Beneath this line are the data; copy exactly the part of them that opens with the line containing "Image No.27-4 Bed House for sale" and closes with the line containing "Jigsaw Photograohy Ltd", and only that part.

(Records from a data source)
- Opening Delimiter -
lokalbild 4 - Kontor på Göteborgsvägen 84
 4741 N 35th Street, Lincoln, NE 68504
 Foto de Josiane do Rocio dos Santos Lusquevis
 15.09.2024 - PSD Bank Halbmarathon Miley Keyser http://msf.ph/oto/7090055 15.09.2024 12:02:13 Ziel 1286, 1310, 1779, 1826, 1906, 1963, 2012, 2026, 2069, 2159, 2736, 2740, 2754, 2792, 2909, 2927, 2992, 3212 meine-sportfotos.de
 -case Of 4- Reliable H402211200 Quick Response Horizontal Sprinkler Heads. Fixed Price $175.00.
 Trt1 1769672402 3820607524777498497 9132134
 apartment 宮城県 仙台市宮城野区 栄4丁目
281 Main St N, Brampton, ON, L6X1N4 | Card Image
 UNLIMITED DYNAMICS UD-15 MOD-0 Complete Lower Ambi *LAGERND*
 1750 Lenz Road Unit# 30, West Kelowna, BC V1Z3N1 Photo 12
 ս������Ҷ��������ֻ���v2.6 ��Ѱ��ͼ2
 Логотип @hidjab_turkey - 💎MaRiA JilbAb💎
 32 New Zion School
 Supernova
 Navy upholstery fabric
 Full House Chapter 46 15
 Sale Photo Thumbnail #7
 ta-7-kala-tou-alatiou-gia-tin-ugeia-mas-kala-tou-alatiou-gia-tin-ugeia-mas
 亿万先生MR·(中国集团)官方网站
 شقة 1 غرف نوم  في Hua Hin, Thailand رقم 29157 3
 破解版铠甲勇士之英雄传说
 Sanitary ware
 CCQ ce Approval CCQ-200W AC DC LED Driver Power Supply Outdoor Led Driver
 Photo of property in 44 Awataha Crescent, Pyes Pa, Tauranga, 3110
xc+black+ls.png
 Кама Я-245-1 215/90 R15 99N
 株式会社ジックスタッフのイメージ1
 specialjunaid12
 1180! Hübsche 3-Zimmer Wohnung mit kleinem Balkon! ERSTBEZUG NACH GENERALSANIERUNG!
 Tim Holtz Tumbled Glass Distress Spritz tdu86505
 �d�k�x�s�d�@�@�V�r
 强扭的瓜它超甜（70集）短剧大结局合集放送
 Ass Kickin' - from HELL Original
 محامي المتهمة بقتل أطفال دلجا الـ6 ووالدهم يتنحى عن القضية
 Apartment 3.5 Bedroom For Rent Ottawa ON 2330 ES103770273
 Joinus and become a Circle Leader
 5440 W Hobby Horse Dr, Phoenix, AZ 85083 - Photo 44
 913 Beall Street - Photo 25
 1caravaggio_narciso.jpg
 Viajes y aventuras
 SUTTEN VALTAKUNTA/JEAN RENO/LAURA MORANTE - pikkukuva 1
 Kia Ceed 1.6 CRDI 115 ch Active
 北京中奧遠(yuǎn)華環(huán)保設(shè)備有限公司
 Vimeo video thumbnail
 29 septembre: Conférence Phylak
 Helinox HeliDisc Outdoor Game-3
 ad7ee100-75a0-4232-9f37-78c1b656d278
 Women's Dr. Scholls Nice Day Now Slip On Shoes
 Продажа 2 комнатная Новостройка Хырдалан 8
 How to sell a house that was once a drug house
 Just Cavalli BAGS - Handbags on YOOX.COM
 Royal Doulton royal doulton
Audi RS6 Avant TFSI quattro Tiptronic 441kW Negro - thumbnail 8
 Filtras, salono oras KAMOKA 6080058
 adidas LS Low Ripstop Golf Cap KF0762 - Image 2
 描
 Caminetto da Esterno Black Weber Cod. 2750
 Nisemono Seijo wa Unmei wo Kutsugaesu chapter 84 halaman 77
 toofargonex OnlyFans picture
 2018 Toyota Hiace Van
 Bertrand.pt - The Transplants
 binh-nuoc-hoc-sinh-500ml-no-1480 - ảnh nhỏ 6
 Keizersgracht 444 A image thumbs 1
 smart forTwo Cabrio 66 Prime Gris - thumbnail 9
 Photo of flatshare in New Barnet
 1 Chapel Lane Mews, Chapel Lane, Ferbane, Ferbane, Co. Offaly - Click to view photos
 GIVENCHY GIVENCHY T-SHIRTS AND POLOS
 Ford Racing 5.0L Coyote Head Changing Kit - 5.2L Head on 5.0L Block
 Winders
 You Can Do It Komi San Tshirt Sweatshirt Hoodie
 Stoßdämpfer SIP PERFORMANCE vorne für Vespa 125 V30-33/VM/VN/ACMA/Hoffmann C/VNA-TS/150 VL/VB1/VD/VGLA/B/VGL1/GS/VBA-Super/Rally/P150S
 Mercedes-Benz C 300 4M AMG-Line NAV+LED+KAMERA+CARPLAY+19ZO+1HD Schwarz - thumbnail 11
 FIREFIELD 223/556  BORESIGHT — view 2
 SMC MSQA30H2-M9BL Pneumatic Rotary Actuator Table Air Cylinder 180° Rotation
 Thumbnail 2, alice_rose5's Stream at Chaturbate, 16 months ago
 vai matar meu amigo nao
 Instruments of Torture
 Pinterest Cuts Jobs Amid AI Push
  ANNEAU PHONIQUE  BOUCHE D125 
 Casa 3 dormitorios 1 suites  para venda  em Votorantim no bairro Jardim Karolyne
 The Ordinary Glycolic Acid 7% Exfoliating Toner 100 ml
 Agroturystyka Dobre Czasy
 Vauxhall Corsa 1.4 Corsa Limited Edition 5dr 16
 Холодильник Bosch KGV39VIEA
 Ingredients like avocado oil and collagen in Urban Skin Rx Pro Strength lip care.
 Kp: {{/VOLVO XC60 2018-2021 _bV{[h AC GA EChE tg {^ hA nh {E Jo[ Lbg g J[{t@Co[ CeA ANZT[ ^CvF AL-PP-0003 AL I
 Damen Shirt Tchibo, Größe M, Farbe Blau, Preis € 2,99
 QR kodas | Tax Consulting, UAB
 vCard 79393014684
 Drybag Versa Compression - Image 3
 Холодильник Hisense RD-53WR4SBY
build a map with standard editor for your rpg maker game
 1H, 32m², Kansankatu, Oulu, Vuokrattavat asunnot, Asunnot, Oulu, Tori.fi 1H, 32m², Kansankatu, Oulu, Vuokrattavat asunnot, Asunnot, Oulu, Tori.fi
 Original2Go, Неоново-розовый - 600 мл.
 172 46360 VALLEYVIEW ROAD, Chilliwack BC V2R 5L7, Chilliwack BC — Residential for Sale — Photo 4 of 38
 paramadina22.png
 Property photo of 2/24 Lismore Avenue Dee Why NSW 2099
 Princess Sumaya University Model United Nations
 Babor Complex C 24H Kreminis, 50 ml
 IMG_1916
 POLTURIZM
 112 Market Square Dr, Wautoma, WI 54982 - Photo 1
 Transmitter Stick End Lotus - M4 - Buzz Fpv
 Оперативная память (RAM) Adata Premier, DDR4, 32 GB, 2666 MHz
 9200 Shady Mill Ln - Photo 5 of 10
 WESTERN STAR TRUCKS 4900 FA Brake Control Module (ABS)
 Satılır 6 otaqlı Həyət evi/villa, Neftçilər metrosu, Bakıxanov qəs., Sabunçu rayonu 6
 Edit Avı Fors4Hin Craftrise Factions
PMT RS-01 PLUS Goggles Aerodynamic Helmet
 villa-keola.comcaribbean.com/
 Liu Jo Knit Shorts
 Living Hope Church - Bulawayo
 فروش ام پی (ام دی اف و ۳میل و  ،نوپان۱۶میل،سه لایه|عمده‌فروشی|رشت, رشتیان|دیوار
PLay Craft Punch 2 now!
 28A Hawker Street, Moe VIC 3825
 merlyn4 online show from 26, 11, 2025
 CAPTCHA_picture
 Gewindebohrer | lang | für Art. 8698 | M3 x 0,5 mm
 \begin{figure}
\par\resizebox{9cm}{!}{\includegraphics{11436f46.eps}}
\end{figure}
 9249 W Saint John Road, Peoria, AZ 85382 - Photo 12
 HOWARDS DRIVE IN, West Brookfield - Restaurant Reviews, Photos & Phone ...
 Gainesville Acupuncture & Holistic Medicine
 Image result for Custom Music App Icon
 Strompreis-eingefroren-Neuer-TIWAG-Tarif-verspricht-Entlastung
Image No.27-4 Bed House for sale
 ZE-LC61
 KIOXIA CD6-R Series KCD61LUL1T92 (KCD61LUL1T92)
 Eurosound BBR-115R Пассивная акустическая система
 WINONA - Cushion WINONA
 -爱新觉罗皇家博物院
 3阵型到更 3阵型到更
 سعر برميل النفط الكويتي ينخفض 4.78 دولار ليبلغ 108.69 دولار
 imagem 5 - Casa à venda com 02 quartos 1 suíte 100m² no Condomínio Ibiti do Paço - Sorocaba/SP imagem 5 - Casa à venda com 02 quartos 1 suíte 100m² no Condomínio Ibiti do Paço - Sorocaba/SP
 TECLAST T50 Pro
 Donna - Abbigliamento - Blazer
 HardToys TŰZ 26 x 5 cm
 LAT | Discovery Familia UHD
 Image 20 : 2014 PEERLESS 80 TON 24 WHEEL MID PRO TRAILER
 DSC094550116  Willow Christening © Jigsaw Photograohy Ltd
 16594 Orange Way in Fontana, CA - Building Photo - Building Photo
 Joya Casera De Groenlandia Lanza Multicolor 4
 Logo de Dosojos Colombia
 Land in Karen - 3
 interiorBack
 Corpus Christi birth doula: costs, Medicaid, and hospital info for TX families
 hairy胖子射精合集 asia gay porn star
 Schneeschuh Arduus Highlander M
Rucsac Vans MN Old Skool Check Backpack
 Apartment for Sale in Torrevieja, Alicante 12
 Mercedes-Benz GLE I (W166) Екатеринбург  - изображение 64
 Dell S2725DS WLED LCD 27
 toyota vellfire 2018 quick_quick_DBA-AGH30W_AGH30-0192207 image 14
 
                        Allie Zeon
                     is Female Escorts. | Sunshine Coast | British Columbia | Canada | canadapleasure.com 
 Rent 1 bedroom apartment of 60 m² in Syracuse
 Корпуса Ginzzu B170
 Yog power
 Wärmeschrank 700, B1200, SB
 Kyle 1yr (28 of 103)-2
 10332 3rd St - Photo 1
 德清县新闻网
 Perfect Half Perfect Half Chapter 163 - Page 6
- Closing Delimiter -
_RESULT OF THE EXERCISE_
Image No.27-4 Bed House for sale
 ZE-LC61
 KIOXIA CD6-R Series KCD61LUL1T92 (KCD61LUL1T92)
 Eurosound BBR-115R Пассивная акустическая система
 WINONA - Cushion WINONA
 -爱新觉罗皇家博物院
 3阵型到更 3阵型到更
 سعر برميل النفط الكويتي ينخفض 4.78 دولار ليبلغ 108.69 دولار
 imagem 5 - Casa à venda com 02 quartos 1 suíte 100m² no Condomínio Ibiti do Paço - Sorocaba/SP imagem 5 - Casa à venda com 02 quartos 1 suíte 100m² no Condomínio Ibiti do Paço - Sorocaba/SP
 TECLAST T50 Pro
 Donna - Abbigliamento - Blazer
 HardToys TŰZ 26 x 5 cm
 LAT | Discovery Familia UHD
 Image 20 : 2014 PEERLESS 80 TON 24 WHEEL MID PRO TRAILER
 DSC094550116  Willow Christening © Jigsaw Photograohy Ltd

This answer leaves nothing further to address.